The North Korea missile flew about 450 kilometers (280 miles) at a maximum altitude of 910 kilometers (565 miles) after liftoff from an unspecified place in the waters off the North's eastern coastal town of Wonsan, Seoul's Joint Chiefs of Staff said in a statement. South Korean and US intelligence authorities were analyzing details of the launch, it said.
Japan lodged an immediate protest against North Korea, saying the missile landed inside Japan's exclusive economic zone. If confirmed, it would be the first North Korean missile that has landed that close to Japan since November 2017.
US State Department spokeswoman Morgan Ortagus, traveling with Secretary of State Mike Pompeo in Rome, said the US calls on North Korea "to refrain from provocations, abide by their obligations under UN Security Council resolutions, and remain engaged in substantive and sustained negotiations to do their part to ensure peace and stability on the Korean Peninsula and achieve denuclearization."
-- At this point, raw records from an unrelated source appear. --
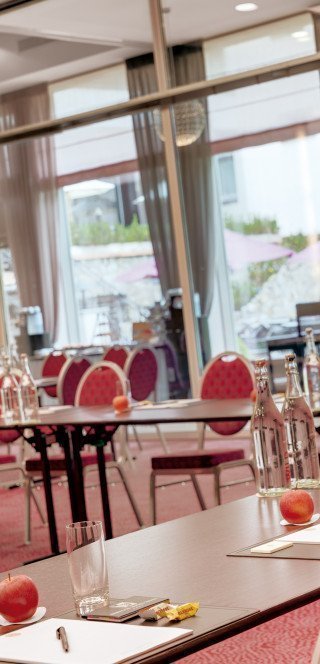 Lange Konferenztische im Gartensaal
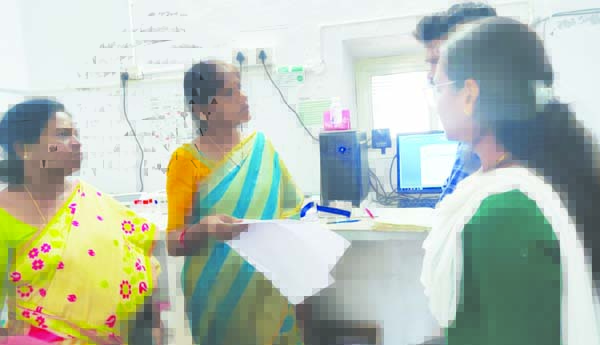 అధిక చార్జీలు వసూలు చేస్తే కఠిన చర్యలు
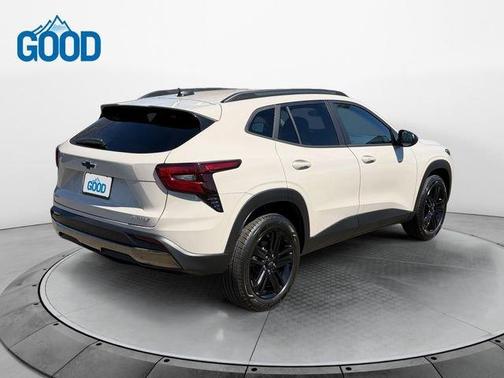 White Sand 2026 Chevrolet Trax ACTIV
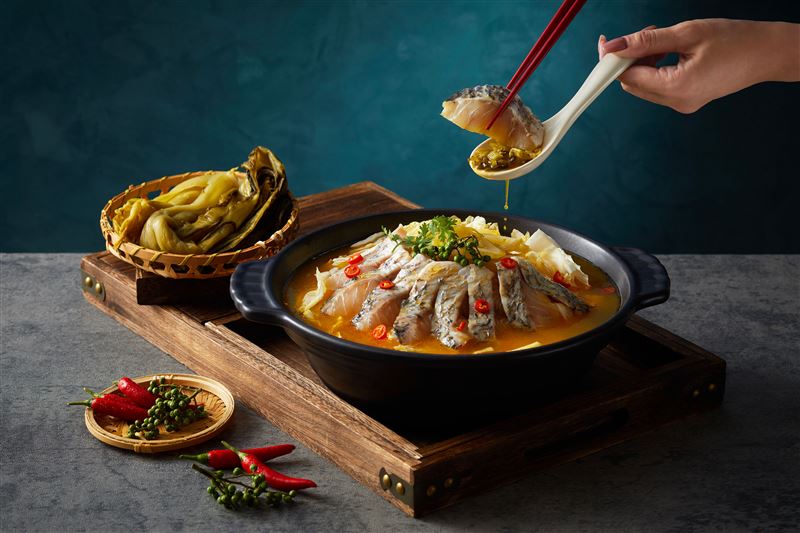 Asia49沿襲正宗川味的「金湯酸菜鱸魚鍋」,蘊含鮮、酸、麻、辣多層次風味,讓人一吃上癮。(圖/飯店旅宿業者提供)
South Korean military officials wouldn't officially disclose whether the missile was fired from a submarine, a barge or another possible platform. But during an emergency National Security Council meeting, council members placed weight on the possibility that North Korea performed a submarine-launched missile test and expressed "strong concerns" over the North Korean move, according to South Korea's presidential office.
Missiles launched from submarines are harder to detect in advance. Some experts say North Korea is attempting to raise the stakes and ramp up pressure on the United States before their nuclear negotiators meet on Saturday.
"The North is trying to convey a message that time is not on the side of the United States and that it could take a different path if the working-level talks don't go the way it wanted," said Du Hyeogn Cha, a visiting scholar at Seoul's Asan Institute for Policy Studies.
The Joint Chiefs of Staff statement said the weapon fired Tuesday is believed to be a "Pukguksong-class" missile. It refers to a solid-fuel missile that North Korea tested-launched from an underwater platform in 2016 with the hope that it could eventually be a part of its submarine weaponry. That missile flew 500 kilometers (310 miles), and North Korean leader Kim Jong Un said at the time that his country had gained "perfect nuclear-attack capability."